INFORMATION SHOWN

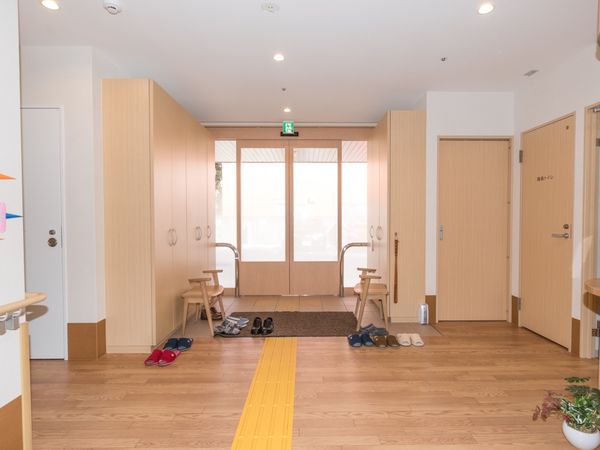 明るい廊下と玄関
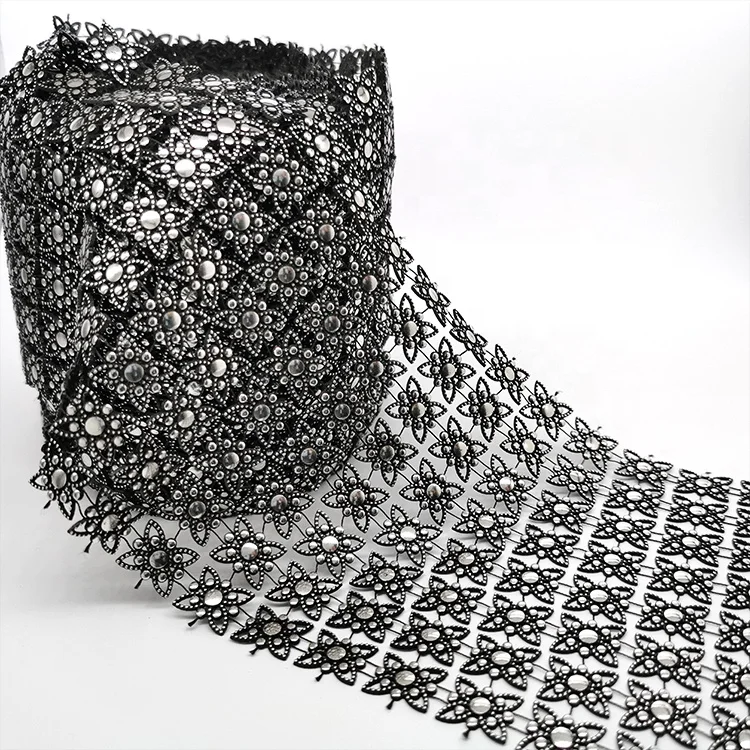 Модные 8 ряд серебрение sequin пластиковый лист горный хрусталь цветок передачи сетки в рулонах из стеклянного волокна отделка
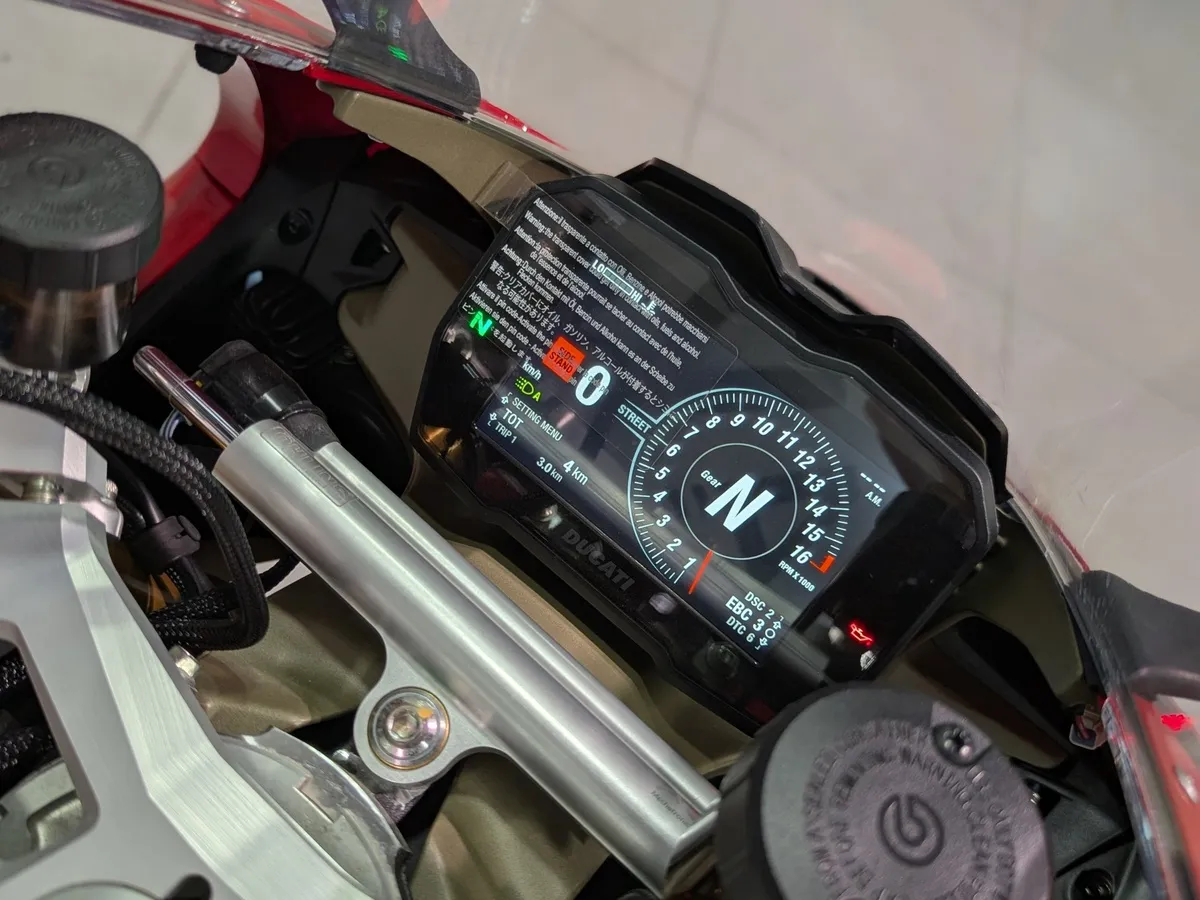 Ducati Panigale V4 1100 см³ (214 л.с.) 1103 Красный в АВИЛОН. Слайд №4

PROBLEM DESCRIPTION
This task asks for the data above repeated exactly, without a single picture.

PROBLEM SOLUTION
 明るい廊下と玄関
 Модные 8 ряд серебрение sequin пластиковый лист горный хрусталь цветок передачи сетки в рулонах из стеклянного волокна отделка
 Ducati Panigale V4 1100 см³ (214 л.с.) 1103 Красный в АВИЛОН. Слайд №4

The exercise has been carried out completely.